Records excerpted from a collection
※

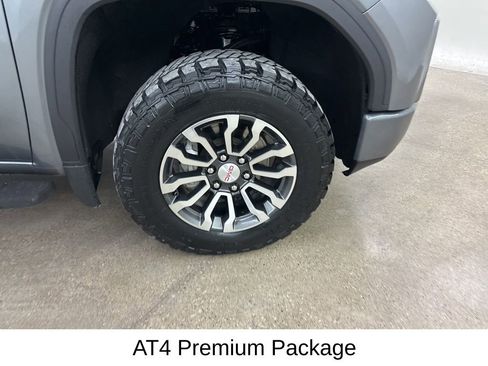Used 2022 GMC Sierra 1500 AT4 w/ AT4 Premium Package image 15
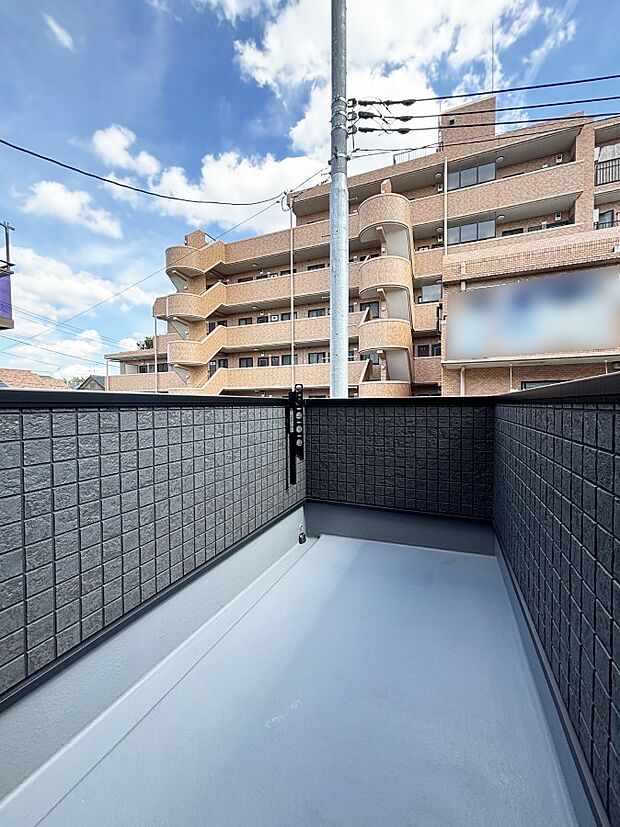 風通しの良いバルコニー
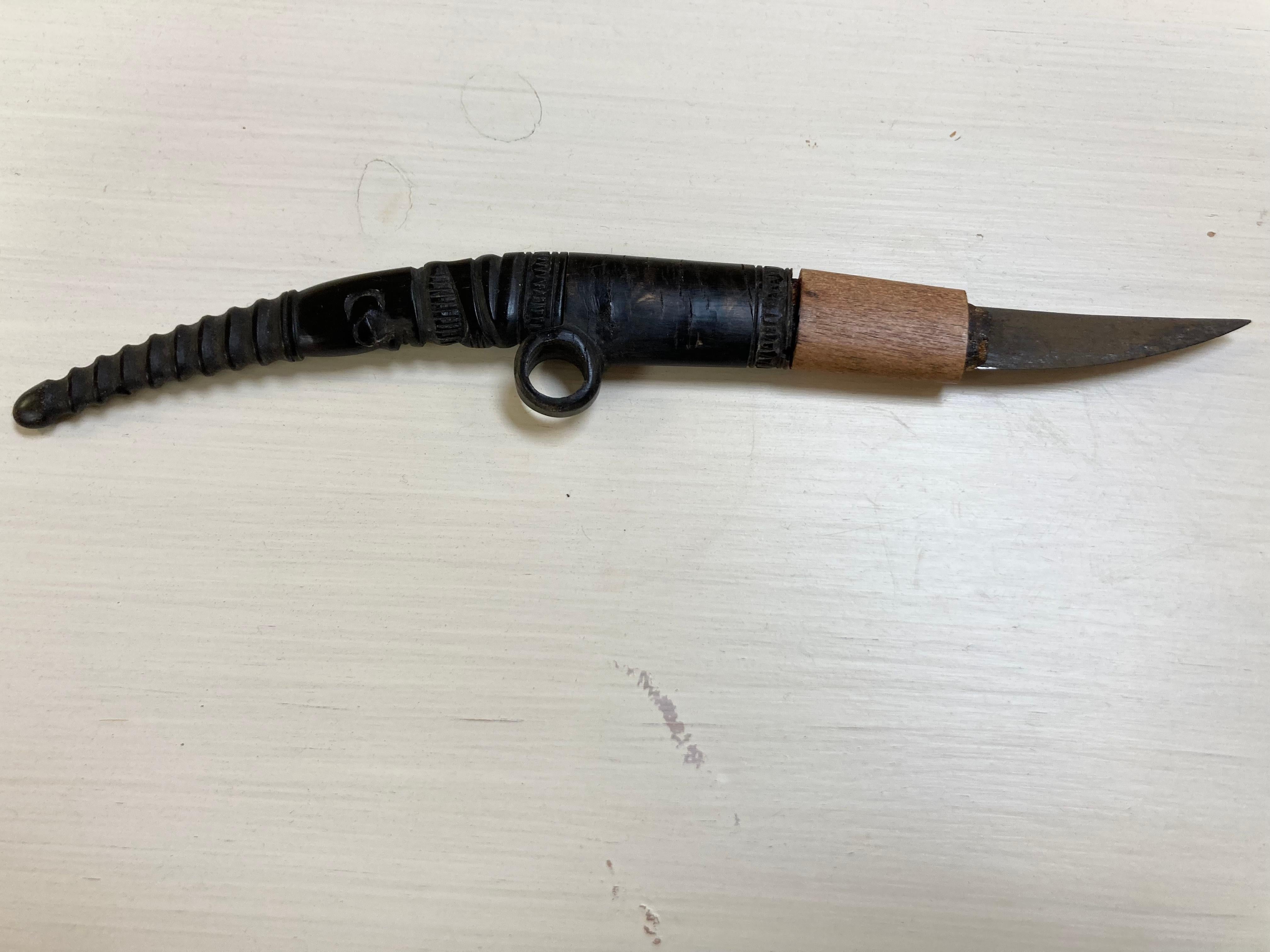 Acier Couteau utilitaire en corne sculptée pour hommes Dayak en vente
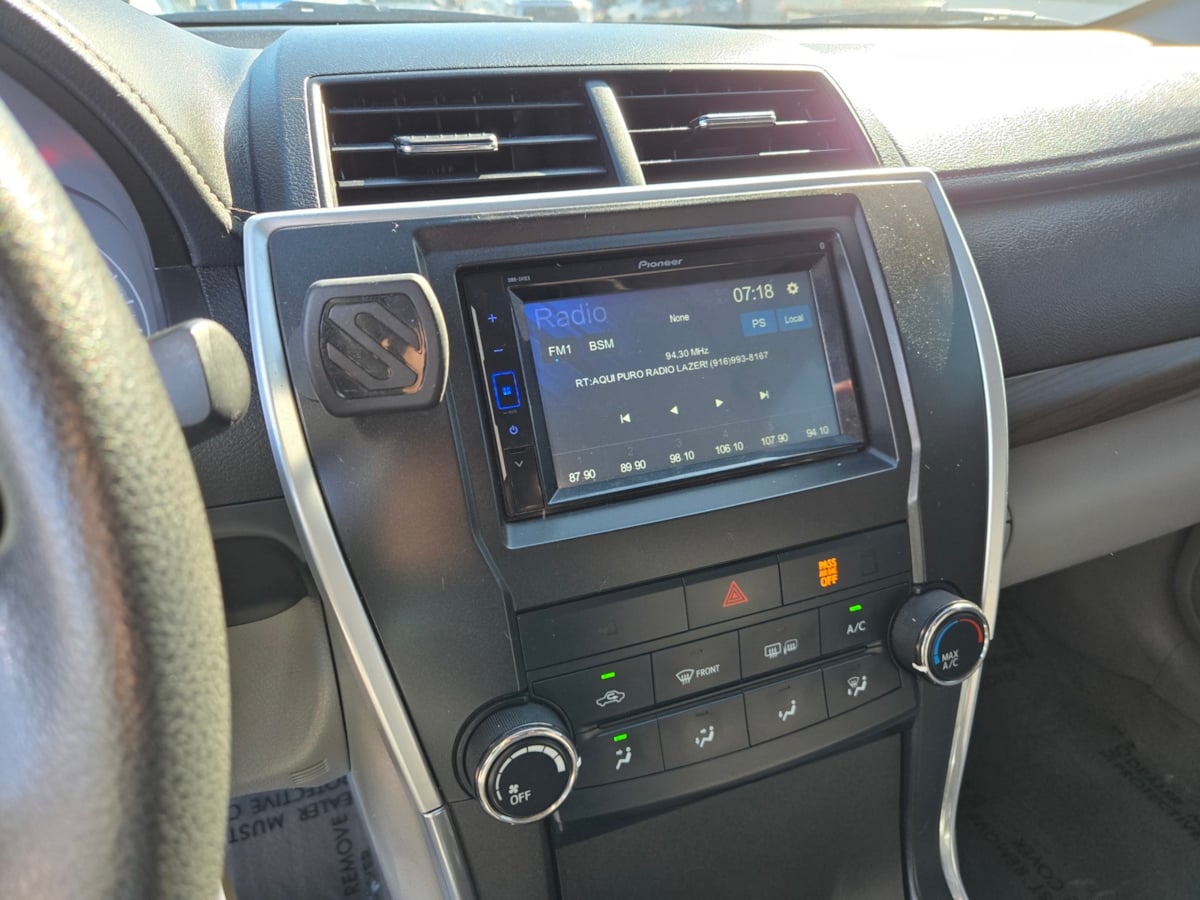2015 Toyota Camry LE photo 12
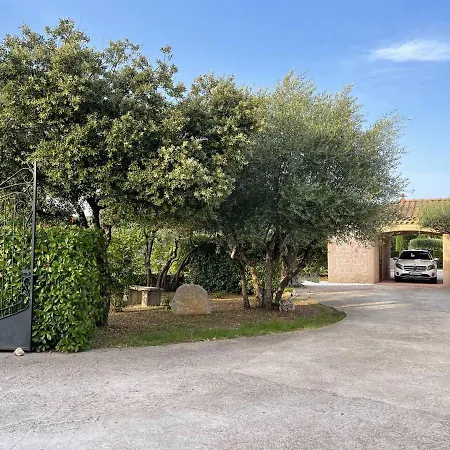 Ferienhaus Captivating 2-Bed Cottage Garden & Pool In Sauve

※

■ WHAT THE TASK ASKS ■
All entries need repeating exactly, but without the pictures.

■ WRITTEN RESPONSE ■
Used 2022 GMC Sierra 1500 AT4 w/ AT4 Premium Package image 15
 風通しの良いバルコニー
 Acier Couteau utilitaire en corne sculptée pour hommes Dayak en vente
2015 Toyota Camry LE photo 12
 Ferienhaus Captivating 2-Bed Cottage Garden & Pool In Sauve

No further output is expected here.